La historia del CD Tenerife ha recibido esta semana dos duros golpes de superar. Primero falleció Pedro García San Juan, quien fuera presidente de la entidad, y en la tarde de ayer dejó este mundo Cipriano González Rivero ‘Ñito’ con 81 años de edad. Futbolista blanquiazul durante cuatro temporadas (entre 1959 y 1963), fue el portero titular de la recordada plantilla que, de la mano de Heriberto Herrera, consiguió en 1961 el primer ascenso blanquiazul a Primera División. Tuvo la mala suerte de coincidir en el tiempo con el mítico Iríbar y con Betancort, quienes le privaron de llegar a la internacionalidad.

Nació el 16 de septiembre de 1939 y empezó a jugar en el San Andrés, su pueblo. Ahí, donde ha quedado su mítica bodeguita, enclavada en pleno centro del barrio costero, lugar en que se guardará la mítica historia de uno de los mejores porteros de toda la historia del fútbol canario.

Tras despuntar en el equipo de su pueblo, recaló en el CD Tenerife desde la temporada 59-60. Era el tercer portero por detrás de Santi Lafuente y Andrés Gómez ‘Cuco’.

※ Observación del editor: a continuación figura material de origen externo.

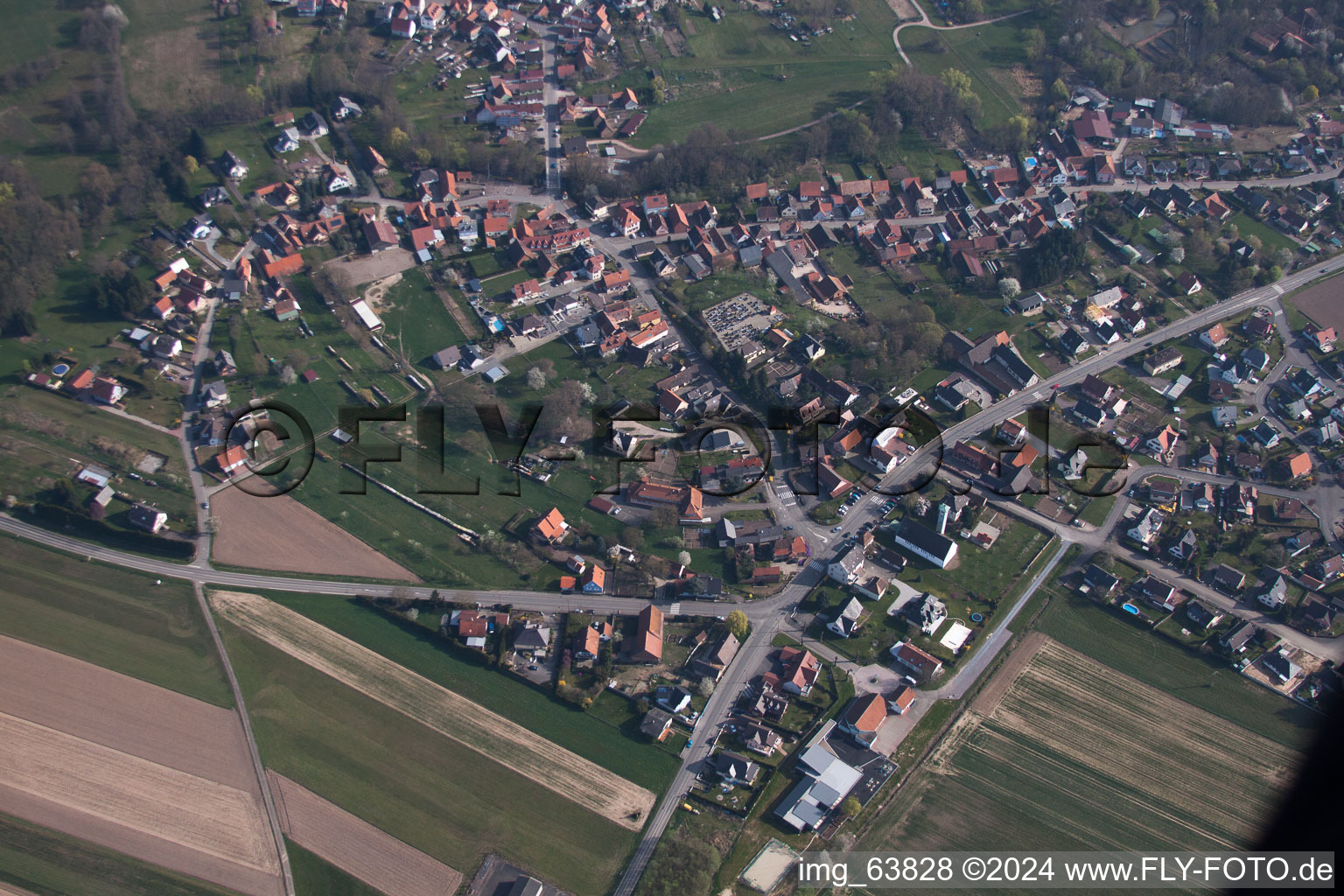 Drone recording of Scheibenhardt in the state Rhineland-Palatinate, Germany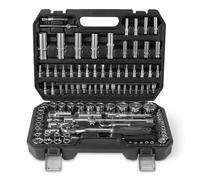 Amazon Basics Socket Set, 108-Piece Tool Set with Ratchet, Extenders and Bits, Stamped Markings, Quick-Release for DIY, House Projects and Auto Repairs, Includes Storage Case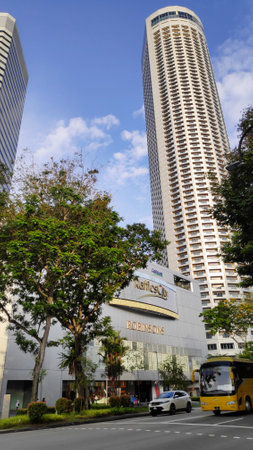 Singapore,- 8 Nov, 2020: External view of Raffles City Shopping mall in Singapore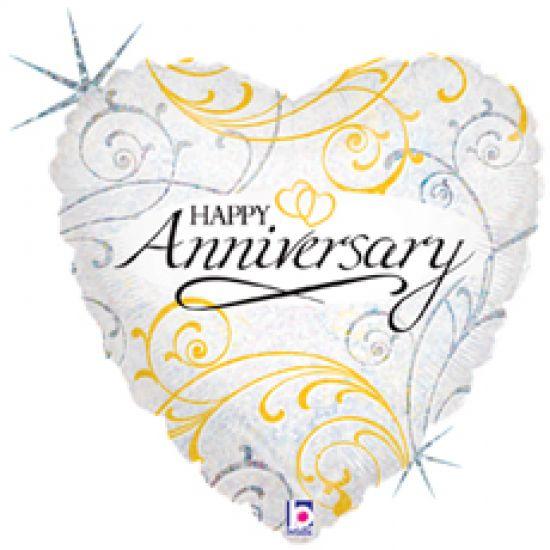 Filigree Happy Anniversary Heart Shape Foil Balloon - Party Affair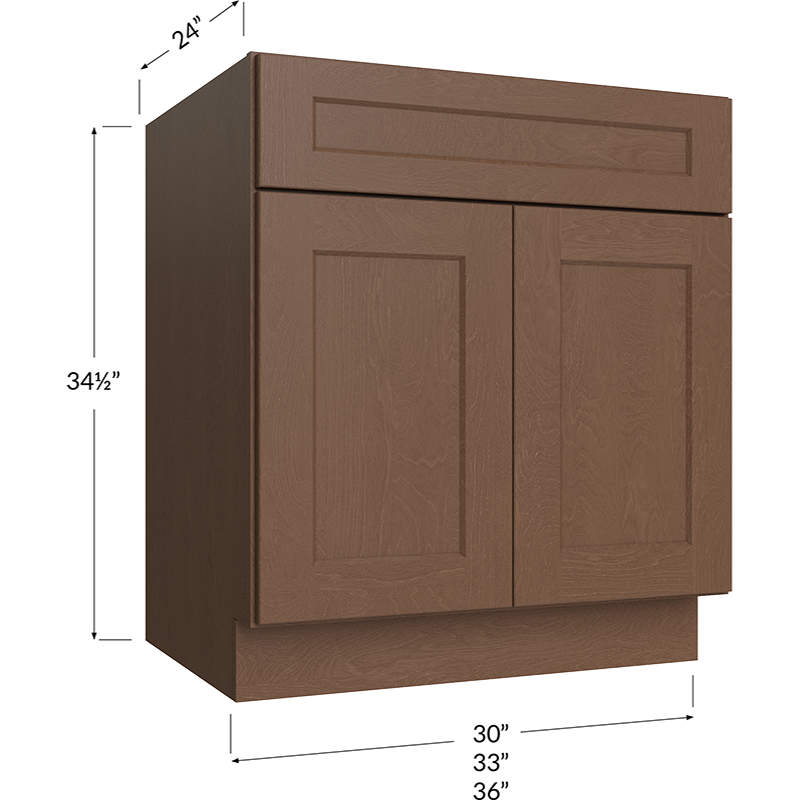 Blackwood Bourbon Shaker Sink Base Cabinet - 30W x 34-1/2H x 24D - 2 Doors, 1 False Drawer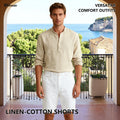 ODM Summer Men's Linen Shorts Trousers Man Linen Cotton Fabric Short Pants Custom Logo Men Blank Casual Basic Linen Shorts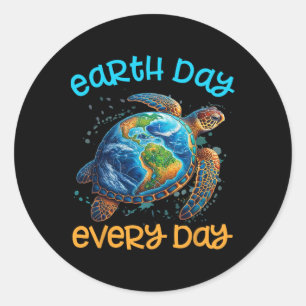 Earth Day Alltägliches Shirt Sea Turtle Men Women  Runder Aufkleber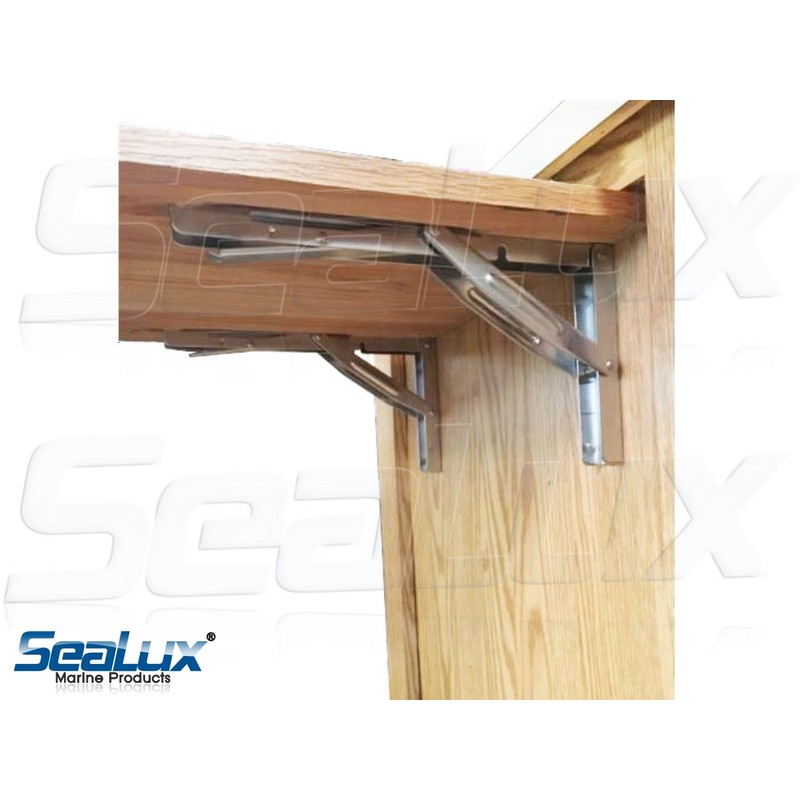 SeaLux Stainless Steel Folding Brackets 90 Degree Shelf, Bench, Table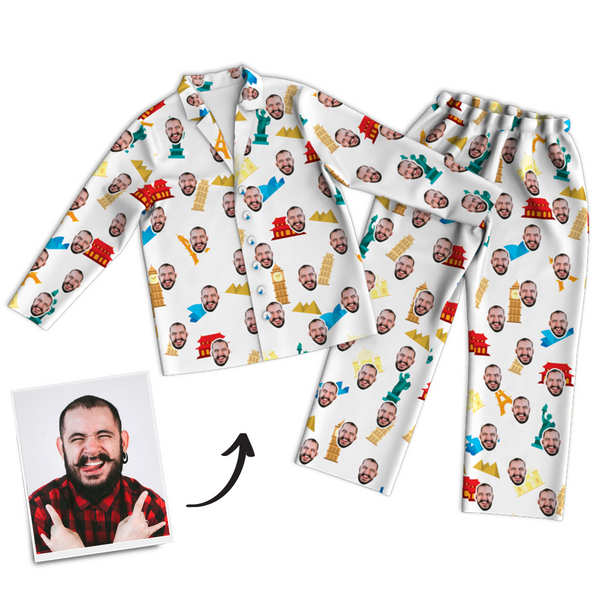 Multi-Color Custom Photo Long Sleeve Pajamas, Nightwear - Father's Day Gifts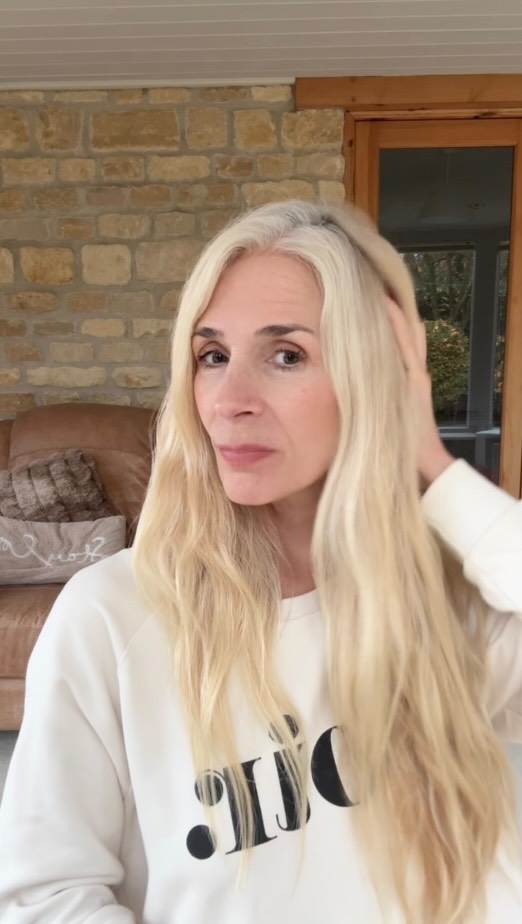 Instagram post by @nikiwibrowfitness for Philip Kingsley. Caption reads: Menopause didn’t warn me about this much....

La temporada siguiente, Heriberto Herrera decidió sentar al mñitico Cuco para poner a Ñito de segundo, algo que causó malestar en la grada del viejo Heliodoro.Llegada la cuarta jornada (2 de octubre de 1960), Santi cayó lesionado en el minuto 54 y Ñito tomó la alternativa. Con él bajo los palos, el Tenerife aumentó la ventaja abierta por José Juan y Vicedo en la primera mitad y acabó por golear (3-0, otra vez Vicedo) al Plus Ultra. La semana siguiente fue titular de nuevo y acabaría acabaría por recibir 18 goles en 27 partidos. Fue determinante en una temporada histórica para los blanquiazules, en la que se logró el ascenso a Primera División con una alineación recitada de carrerilla por los aficionados ‘birrias’ de la época: “Ñito; Colo, Correa, Álvaro; Villar, Borredá; Zubillaga, Santos, José Juan, Padrón y Domínguez”.

El curso posterior también fue importante para Cipriano tras jugar 27 partidos ligueros y seis en una Copa del Generalísimo en la que alcanzó los octavos de final. Esto le valió para fichar por el Valencia, que pagó por él seis mil euros. Un dineral para aquella época, que la moneda era la peseta.

Ñito jugaría casi una docena de años en la máxima categoría: tres cursos con el Valencia (incluido su debut en la Copa de Ferias; actual Europa League), siete en el Granada (además de otro intermedio en Segunda para retornarlo a la élite en 1968) y el que supuso su retirada como jugador en el Murcia (74-75) previo paso por el Linares, un año antes, en la categoría de plata.

Tras su regreso a la Isla, fue empleado como técnico por el CD Tenerife y llegó a dirigirlo en la campaña 76-77, aunque forma interina y durante cuatro jornadas.Luego fue preparador de porteros, ojeador y entrenador del equipo filial, en Tercera División, a comienzos de la década de los años noventa.

En su recuerdo, los jugadores blanquiazules portarán durante el partido ante el Sporting de Gijón crespones negros y, antes del comienzo, se guardará un minuto de silencio.